Mainly found throughout the Midwest in places like Iowa, Missouri, western Kentucky, & southern Wisconsin. Can be found in areas as far east as New York and as far north as Quebec and Ontario. Moving southward it ranges into Tennessee, Virginia and North Carolina.
Prefers lowland areas in a variety of soils, such as river floodplains, borders of ponds, depressions, stream sides, near lakes and swamps and peatland areas.

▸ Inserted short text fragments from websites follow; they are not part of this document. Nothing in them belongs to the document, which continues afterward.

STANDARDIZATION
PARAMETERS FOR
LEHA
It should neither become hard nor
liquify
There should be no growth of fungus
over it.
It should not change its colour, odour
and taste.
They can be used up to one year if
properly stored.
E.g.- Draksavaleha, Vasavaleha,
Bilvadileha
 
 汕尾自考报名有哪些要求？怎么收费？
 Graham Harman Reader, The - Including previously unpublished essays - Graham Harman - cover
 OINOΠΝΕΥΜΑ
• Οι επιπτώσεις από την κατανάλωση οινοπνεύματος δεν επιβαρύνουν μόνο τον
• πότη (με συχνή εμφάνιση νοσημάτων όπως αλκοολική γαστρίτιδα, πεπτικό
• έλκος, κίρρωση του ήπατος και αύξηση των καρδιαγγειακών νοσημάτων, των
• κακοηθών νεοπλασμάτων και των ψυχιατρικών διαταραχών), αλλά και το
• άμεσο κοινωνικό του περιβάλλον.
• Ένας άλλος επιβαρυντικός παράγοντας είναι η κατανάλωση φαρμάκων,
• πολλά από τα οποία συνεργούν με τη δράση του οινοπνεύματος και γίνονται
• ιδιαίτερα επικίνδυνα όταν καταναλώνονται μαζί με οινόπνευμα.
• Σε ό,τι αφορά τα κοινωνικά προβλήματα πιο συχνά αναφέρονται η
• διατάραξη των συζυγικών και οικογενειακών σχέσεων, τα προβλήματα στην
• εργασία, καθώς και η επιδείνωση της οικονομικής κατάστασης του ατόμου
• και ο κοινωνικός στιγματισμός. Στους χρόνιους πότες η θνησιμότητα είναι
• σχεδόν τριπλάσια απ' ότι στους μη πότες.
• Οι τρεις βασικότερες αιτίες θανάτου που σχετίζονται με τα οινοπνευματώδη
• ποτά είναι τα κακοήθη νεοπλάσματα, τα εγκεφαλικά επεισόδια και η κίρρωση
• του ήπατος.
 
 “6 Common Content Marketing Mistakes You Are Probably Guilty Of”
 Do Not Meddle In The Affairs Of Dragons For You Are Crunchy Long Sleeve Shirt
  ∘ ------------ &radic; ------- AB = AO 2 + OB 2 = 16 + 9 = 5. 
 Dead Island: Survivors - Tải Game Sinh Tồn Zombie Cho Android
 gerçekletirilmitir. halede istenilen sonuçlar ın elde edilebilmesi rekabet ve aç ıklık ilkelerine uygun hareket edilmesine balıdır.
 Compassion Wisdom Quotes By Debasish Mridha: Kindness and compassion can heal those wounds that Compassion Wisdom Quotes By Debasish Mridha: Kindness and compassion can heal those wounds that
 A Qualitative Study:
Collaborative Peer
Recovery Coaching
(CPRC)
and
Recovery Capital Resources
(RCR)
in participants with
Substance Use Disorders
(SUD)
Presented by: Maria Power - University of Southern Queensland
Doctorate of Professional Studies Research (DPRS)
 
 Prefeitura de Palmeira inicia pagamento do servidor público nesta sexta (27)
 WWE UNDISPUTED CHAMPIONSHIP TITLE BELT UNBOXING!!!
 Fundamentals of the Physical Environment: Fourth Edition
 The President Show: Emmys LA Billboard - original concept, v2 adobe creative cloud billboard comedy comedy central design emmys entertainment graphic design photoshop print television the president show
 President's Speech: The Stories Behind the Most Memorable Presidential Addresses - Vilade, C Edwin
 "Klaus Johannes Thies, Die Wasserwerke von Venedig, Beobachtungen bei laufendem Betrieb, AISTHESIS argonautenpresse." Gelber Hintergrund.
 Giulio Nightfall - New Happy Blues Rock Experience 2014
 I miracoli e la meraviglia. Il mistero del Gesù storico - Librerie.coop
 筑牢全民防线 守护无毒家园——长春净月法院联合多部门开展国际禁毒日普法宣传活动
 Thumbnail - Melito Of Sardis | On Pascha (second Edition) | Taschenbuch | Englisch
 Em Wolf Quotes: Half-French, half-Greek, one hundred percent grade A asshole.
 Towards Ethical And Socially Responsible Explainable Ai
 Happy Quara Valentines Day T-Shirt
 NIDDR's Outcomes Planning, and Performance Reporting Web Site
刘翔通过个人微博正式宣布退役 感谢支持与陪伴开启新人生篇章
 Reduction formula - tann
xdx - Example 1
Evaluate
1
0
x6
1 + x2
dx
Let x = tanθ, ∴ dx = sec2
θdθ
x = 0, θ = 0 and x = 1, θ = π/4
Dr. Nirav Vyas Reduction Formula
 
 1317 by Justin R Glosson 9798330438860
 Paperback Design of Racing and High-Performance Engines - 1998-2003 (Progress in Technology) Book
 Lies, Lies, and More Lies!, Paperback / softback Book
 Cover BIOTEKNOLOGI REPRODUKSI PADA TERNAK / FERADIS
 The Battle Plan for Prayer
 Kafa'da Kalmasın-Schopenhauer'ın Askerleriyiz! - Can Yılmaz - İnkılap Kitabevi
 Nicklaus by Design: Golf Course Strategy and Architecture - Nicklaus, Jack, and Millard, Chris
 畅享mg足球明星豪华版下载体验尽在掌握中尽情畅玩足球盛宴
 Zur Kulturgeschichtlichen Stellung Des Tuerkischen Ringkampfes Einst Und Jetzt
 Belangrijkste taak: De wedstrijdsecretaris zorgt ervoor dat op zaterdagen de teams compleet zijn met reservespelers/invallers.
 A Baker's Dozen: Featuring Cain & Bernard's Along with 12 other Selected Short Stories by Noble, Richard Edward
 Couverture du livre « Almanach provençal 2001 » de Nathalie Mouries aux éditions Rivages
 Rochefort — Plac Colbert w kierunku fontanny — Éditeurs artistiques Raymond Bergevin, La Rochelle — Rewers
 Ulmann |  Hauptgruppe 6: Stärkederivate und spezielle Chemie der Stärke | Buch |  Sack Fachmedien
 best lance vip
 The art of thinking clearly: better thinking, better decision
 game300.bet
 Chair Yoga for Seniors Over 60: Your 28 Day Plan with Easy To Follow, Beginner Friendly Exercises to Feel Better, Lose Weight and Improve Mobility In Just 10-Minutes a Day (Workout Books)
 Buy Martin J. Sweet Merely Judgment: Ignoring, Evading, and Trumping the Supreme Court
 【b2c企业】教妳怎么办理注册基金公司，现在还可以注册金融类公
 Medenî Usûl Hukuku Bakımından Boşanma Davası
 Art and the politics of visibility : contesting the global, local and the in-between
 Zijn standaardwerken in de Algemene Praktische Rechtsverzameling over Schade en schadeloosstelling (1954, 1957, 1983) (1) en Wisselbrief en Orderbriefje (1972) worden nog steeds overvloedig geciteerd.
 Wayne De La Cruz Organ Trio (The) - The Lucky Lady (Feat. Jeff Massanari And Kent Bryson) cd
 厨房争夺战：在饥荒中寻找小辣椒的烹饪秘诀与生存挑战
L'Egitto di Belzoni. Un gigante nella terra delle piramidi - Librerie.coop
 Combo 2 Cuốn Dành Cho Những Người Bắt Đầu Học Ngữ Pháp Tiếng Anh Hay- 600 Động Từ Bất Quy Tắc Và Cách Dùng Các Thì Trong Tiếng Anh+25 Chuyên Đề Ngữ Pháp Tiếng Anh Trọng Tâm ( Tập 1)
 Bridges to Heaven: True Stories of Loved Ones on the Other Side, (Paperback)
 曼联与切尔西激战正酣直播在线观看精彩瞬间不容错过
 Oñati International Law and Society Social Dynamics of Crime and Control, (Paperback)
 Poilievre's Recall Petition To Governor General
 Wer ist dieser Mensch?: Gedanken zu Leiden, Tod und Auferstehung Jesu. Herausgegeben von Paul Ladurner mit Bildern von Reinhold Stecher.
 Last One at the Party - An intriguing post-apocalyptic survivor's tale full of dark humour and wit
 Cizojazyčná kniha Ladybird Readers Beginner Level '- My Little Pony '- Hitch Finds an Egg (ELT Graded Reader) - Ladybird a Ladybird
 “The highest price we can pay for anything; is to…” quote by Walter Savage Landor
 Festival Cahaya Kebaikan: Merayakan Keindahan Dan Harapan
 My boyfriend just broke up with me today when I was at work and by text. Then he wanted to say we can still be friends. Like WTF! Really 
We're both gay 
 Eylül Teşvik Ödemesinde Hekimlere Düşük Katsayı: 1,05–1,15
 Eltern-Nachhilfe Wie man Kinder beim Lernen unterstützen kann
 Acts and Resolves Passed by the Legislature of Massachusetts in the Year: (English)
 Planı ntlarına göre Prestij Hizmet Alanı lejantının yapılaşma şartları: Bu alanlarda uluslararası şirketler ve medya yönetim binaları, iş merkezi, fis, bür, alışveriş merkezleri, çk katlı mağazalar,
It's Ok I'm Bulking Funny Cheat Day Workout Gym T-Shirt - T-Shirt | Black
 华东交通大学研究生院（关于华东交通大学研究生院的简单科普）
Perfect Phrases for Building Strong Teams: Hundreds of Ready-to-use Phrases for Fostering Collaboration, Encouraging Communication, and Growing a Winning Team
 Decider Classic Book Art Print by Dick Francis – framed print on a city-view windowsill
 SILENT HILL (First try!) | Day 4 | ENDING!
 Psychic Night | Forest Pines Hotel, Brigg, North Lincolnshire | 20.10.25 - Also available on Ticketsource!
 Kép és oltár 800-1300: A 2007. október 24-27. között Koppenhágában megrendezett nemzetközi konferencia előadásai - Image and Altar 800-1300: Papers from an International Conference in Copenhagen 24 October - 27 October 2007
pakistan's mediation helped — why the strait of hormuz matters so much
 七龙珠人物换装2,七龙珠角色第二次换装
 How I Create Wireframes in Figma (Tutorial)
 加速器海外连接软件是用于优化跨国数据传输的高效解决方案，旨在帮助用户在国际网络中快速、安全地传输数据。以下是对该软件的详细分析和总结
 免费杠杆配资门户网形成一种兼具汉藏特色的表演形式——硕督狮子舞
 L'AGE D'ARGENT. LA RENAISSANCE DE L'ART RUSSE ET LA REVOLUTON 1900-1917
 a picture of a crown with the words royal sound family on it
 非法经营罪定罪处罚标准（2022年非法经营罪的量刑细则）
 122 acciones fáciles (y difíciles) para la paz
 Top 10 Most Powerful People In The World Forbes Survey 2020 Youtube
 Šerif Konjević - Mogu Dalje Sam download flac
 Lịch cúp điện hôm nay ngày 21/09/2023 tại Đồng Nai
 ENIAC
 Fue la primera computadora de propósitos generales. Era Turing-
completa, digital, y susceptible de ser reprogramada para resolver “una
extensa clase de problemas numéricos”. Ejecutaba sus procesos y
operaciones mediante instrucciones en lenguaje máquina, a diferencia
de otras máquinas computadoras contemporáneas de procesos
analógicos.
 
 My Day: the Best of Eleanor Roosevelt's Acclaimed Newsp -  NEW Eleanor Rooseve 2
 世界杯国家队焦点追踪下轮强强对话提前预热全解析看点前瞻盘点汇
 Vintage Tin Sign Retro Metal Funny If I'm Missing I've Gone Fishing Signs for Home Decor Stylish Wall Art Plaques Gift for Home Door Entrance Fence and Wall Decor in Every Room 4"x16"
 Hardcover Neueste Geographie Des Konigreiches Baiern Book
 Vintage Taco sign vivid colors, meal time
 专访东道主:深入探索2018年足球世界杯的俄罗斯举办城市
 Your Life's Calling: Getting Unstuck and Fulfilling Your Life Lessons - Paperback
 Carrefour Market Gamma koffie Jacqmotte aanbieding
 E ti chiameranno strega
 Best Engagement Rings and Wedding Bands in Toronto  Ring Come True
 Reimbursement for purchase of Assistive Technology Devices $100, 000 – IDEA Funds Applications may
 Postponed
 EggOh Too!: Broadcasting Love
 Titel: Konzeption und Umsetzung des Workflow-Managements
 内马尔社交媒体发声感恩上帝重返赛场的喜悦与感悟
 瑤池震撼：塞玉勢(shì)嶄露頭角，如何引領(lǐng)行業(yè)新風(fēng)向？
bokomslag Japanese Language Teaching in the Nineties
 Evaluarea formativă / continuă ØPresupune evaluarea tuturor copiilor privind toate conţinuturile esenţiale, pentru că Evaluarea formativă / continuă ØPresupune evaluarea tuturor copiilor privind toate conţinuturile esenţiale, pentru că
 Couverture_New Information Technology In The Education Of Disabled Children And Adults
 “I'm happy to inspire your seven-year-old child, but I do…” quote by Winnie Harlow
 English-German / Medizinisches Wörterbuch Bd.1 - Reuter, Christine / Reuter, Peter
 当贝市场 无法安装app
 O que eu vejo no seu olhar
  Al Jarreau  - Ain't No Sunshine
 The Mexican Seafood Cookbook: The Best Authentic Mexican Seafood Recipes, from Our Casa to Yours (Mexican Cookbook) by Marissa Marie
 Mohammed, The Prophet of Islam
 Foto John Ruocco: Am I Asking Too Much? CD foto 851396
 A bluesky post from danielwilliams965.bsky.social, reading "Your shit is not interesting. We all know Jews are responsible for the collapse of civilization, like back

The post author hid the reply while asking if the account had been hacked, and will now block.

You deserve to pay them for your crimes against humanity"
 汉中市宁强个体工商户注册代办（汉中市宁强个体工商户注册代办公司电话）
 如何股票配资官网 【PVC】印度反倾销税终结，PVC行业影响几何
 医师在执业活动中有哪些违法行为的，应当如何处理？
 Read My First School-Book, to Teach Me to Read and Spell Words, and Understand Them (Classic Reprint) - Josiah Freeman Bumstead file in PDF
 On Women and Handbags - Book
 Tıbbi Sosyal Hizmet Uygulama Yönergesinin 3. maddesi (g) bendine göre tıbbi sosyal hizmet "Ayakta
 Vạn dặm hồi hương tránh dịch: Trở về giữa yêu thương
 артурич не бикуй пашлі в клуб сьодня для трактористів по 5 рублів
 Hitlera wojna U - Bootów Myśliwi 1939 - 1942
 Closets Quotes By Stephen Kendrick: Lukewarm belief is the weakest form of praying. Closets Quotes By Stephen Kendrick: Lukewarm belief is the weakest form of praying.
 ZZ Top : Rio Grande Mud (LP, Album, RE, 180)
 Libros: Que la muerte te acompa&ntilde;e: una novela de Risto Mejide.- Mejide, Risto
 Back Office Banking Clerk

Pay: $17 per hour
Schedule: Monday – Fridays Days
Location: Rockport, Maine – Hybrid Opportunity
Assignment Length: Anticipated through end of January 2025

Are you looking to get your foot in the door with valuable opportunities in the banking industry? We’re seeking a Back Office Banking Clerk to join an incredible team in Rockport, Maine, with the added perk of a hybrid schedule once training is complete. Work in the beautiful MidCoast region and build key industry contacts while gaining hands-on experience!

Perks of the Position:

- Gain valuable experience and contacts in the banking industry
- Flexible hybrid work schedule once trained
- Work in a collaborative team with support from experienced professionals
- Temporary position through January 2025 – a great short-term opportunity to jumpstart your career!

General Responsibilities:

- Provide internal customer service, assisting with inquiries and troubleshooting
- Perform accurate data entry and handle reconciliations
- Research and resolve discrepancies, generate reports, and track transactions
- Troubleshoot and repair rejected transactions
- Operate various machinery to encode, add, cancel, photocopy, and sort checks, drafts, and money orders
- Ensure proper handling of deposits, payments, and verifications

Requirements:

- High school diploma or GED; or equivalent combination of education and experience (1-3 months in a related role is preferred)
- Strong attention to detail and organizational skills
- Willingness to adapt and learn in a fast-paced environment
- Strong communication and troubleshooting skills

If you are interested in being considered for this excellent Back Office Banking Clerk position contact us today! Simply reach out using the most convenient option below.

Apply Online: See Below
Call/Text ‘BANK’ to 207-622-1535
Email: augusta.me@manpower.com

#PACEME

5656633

Reaches a height of 60 – 70 ft. with a spread of 60 ft. Crown tends to be irregular in shape. Both male and female flowers develop on the same tree.
Points of Interest
- Can be distinguished from other oaks by its long stemmed acorns. These acorns are ready to sprout as soon as they are ripe.
- Wood is used for cabinets, furniture, veneers, flooring, and interior finishing. Has also been used for making boxes, crates, fence posts, railroad ties, structural beams and dimensional lumber for construction.
- Native Americans ate the acorns both raw & cooked. Acorns also were ground and added as thickeners to stews and for making bread.
- Roasted acorns were used as a coffee substitute. Tannins in the acorns can be leached out by running water.
- Oak galls, caused by insects, were used by pioneers as a source of tannin and dye.
- Medicinally, parts of the tree and its acorns were used as an astringent, to treat hemorrhages, chronic diarrhea, cholera and dysentery.